Vinh's Automations
A secure, production-grade userscript manager browser extension for Google Chrome and Microsoft Edge. Functionally similar to Tampermonkey, purpose-built with strict per-script isolation, AES-256-GCM encryption at rest, GitHub-based install and auto-update, and a professional dashboard UI.
The Problem
Browser userscripts are essential for automating repetitive web workflows, but existing solutions had trade-offs I wanted to address:
- Third-party userscript managers store code unencrypted and may include telemetry or analytics.
- Manifest V3 restrictions made script injection increasingly difficult due to CSP and Trusted Types policies on modern sites.
- Auto-update mechanisms often rely on arbitrary URLs rather than version-controlled sources like GitHub.
- No existing solution combined per-script isolation, encrypted storage, and a clean professional UI.
Solution Overview
Secure Script Management
- AES-256-GCM encryption for all script code and metadata stored in chrome.storage.local
- PBKDF2 key derivation with per-session key caching
- Zero telemetry — no analytics, no phone-home, no external requests except GitHub
- Ring-buffer logger (500 entries) with source code redaction for safe log sharing
Manifest V3 Injection
- Dual-path injection strategy: USER_SCRIPT world (Chrome 122+) with chrome.userScripts.execute()
- ISOLATED world fallback via content script eval for older browsers
- Trusted Types policy detection and bypass where allowed
- Per-script IIFE isolation — no shared global scope between scripts
GitHub-Based Workflow
- Install scripts directly from raw GitHub URLs with full metadata parsing
- Auto-update via @updateURL with configurable intervals (1h, 6h, 12h, 24h, manual)
- Startup checks for missed updates when the browser restarts
- Preview metadata before installing via the dashboard
Professional Dashboard
- CodeMirror-powered editor with syntax highlighting and line numbers
- SPA-style dashboard: Scripts, Add, Updates, Settings, Logs, and About pages
- Popup interface for quick script toggle and install-from-URL
- Setup warning banner with one-click fix for chrome.userScripts permission
Tech Stack
JavaScript (ES2022)
Chrome Extension API
Manifest V3
CodeMirror
AES-256-GCM
PBKDF2
GitHub API
Service Worker
Screenshots
Challenges & Solutions
- MV3 CSP and eval restrictions: The service worker's own CSP blocks eval and new Function(). I replaced new Function() with a static func literal that receives code as a string and uses indirect eval inside chrome.scripting.executeScript — which runs in the tab's MAIN world and is not subject to the extension's CSP.

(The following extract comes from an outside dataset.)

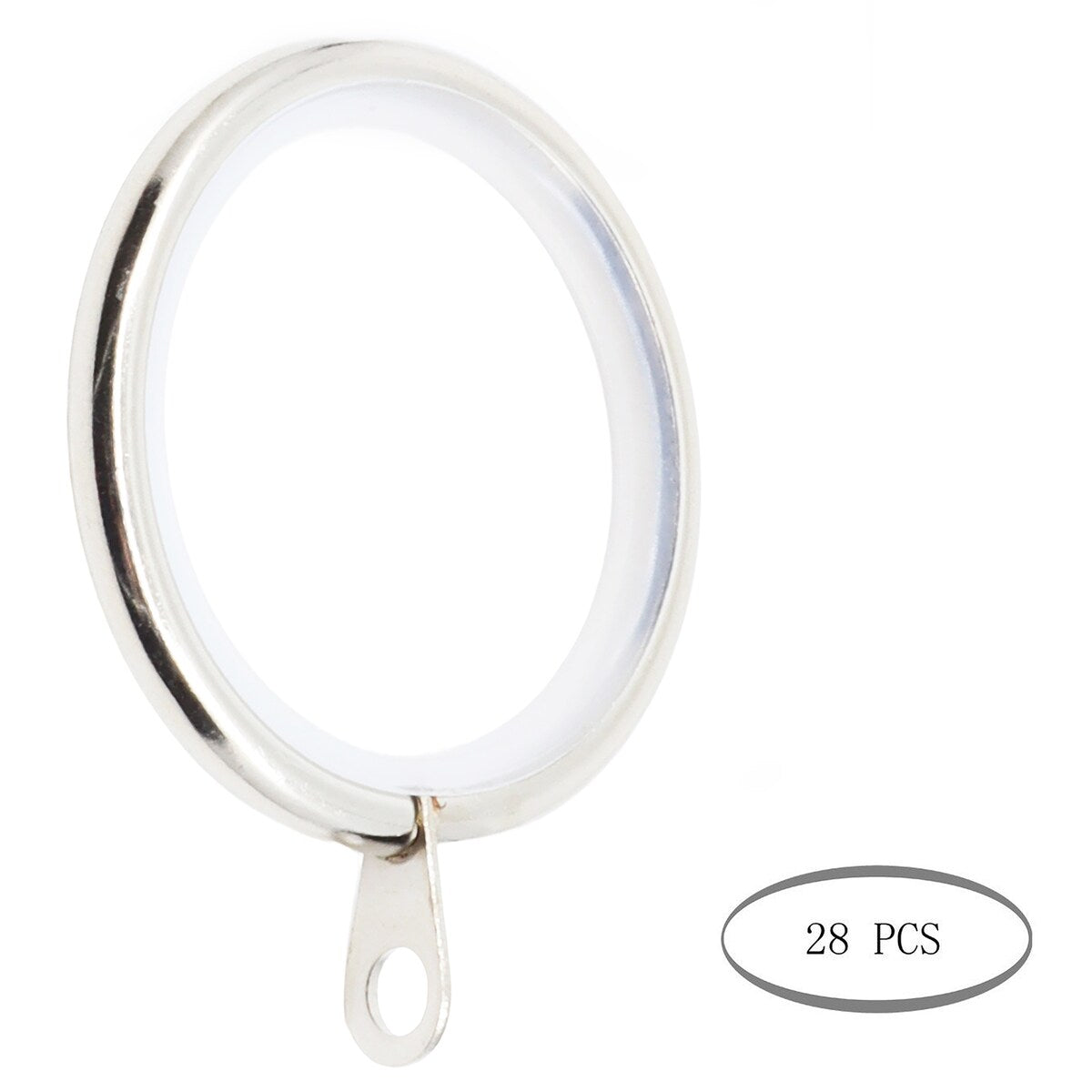 Meriville 1.5-Inch Inner Diameter Metal Curtain Rings with Eyelets and inserts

- Trusted Types on Microsoft Teams: Teams has a closed Trusted Types allowlist. I implemented a dual-path strategy: USER_SCRIPT world injection (Chrome 122+, immune to Trusted Types and CSP) as the primary path, with an ISOLATED world eval fallback for older browsers.
- Encrypted storage performance: Encrypting every script read/write could be slow. I implemented PBKDF2 key derivation with session-cached keys and batch operations for import/export to keep the UI responsive.
- Per-script isolation: Scripts must not share global scope or interfere with each other. Each script is wrapped in an IIFE with no shared variables, and the injection engine routes them independently.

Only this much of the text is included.